Norwegian company Cambi AS built the system, which relies on high heat and pressure to pressure cook the solids at the end of the wastewater treatment process. They treat the biosolids (again, read: poop) to make them more degradable and then send them to four concrete 80-foot high anaerobic digesters which in turn generate methane. The methane is captured and fed into huge turbines which generate clean energy.

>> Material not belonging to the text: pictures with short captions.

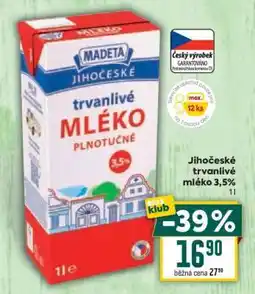 Billa Jihočeské Trvanlivé mléko 3,5% nabídka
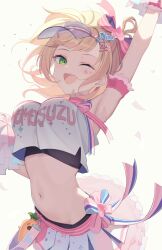 Rule 34 | 1girl, ;d, absurdres, arm up, armpits, blonde hair, blush, bouncing breasts, bow, breasts, cheerleader, collarbone, confetti, cowboy shot, crop top, fang, green eyes, hair bow, hair ornament, highres, hololive, large breasts, looking at viewer, medium breasts, midriff, mizu (lzzrwi603), momosuzu nene, momosuzu nene (cheerleader), navel, one eye closed, open mouth, pom pom (cheerleading), ribbon, shirt, short hair, simple background, skirt, smile, solo, standing, stomach, teeth, upper teeth only, virtual youtuber, visor cap, white background, white shirt, white skirt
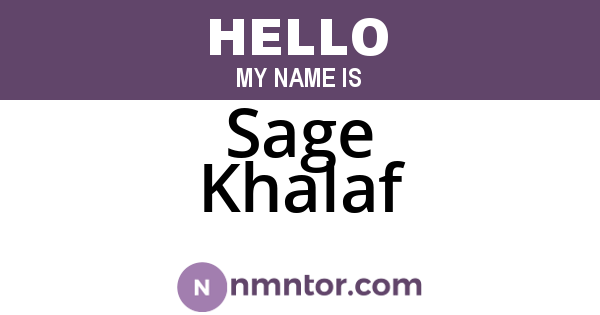 Sage Khalaf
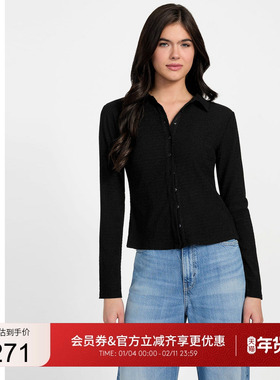 GUESS女士纽扣修身纯色百搭毛针织衫-W3YP39KBT00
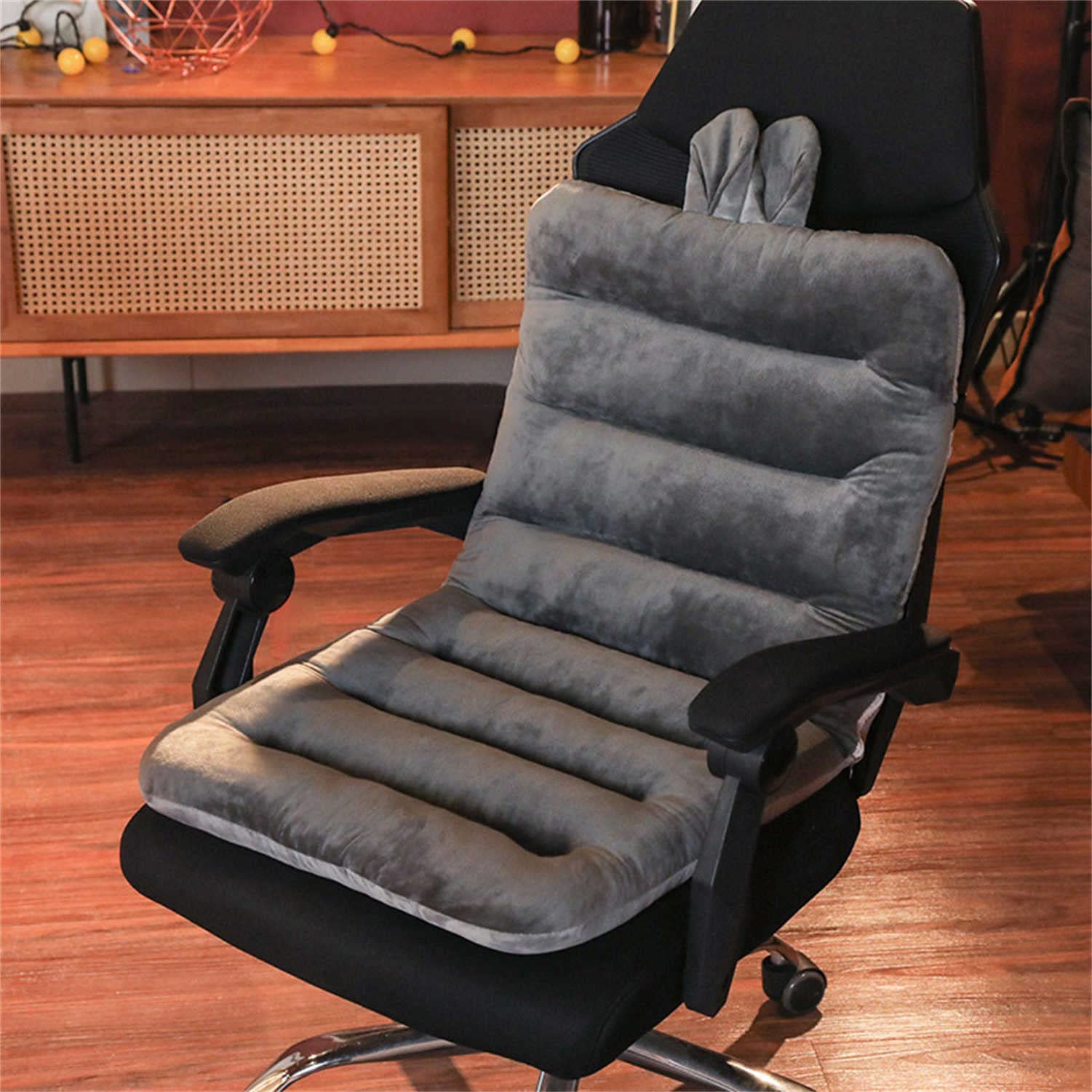 Plush Chair Cushion with Ties - Thickened Seat Pad for Sofa, Office & Car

“The project, which broke ground in 2011, was only viable through the use of innovative technology never before used in North America. DC Water brought the CAMBI® thermal hydrolysis process to the continent; in addition, Blue Plains is now the largest thermal hydrolysis installation in the world. Thermal hydrolysis uses high heat and pressure to “pressure cook” the solids left over at the end of the wastewater treatment process. This weakens the solids cell walls and the structure between cells to make the energy easily accessible to the organisms in the next stage of the process–anaerobic digestion. The methane these organisms produce is captured and fed to three large turbines to produce electricity. Steam is also captured and directed back into the process,” their website reads.

Since this project was launched in September, it’s been generating a net 10 megawatts of electricity from the waste treatment process. The wastewater treatment plant has a capacity of 370 million gallons per day, and is the largest consumer of electricity in the nation’s capital. The entire system together will save about $10 million annually and cut carbon emissions by a third.

“This project embodies a shift from treating used water as waste to leveraging it as a resource,” D.C. Water CEO and General Manager George S. Hawkins said in a statement. “We are proud to be the first to bring this innovation to North America for the benefit of our ratepayers, the industry and the environment.”